Beginning with the line that contains "Miss Sloane - Giochi di potere", reproduce the remaining lines of the material exactly, up to and including the last one, but no pictures.

• _Data to examine_:

════════

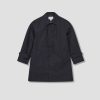 Clothing nanamica | Gore-Tex Soutien Collar Coat Subs302E Navy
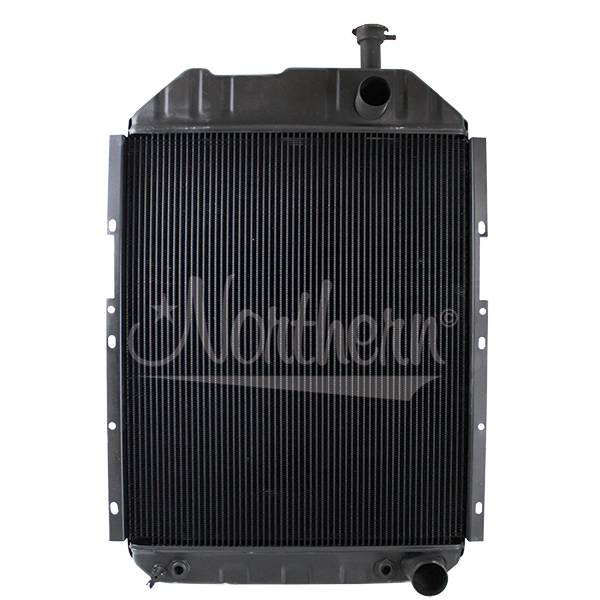 NR - E1NN8005BD15M - Ford New Holland RADIATOR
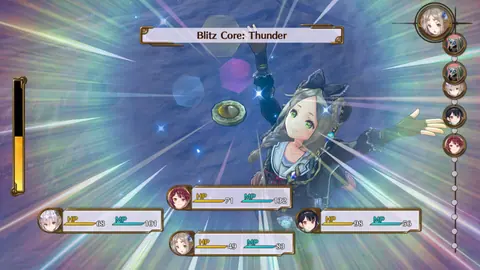 Captura de tela de Atelier Firis: The Alchemist and the Mysterious Journey (1 de 4)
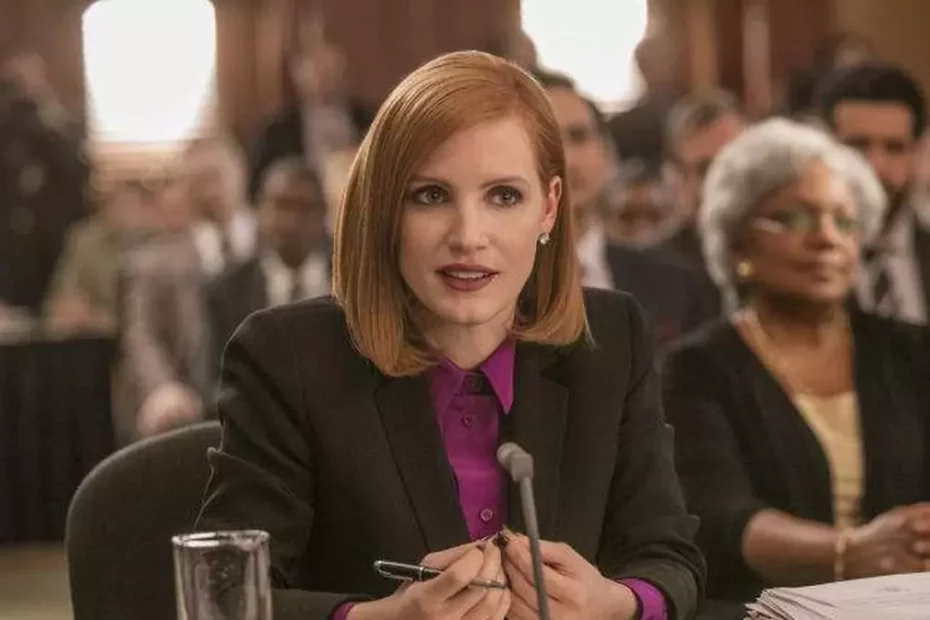 Miss Sloane - Giochi di potere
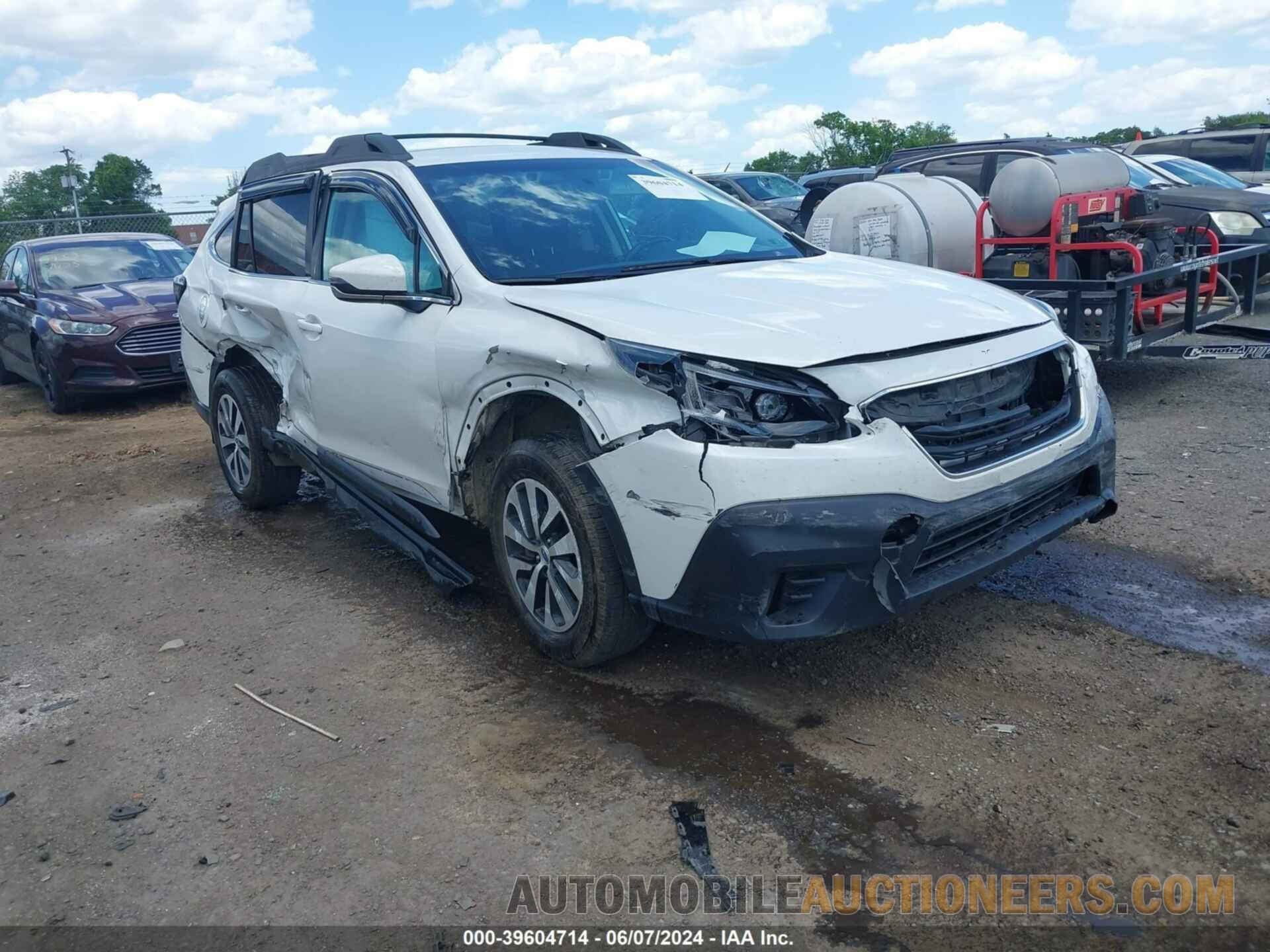 4S4BTADC9M3213300 SUBARU OUTBACK 2021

════════

• _Final answer_:
 Miss Sloane - Giochi di potere
 4S4BTADC9M3213300 SUBARU OUTBACK 2021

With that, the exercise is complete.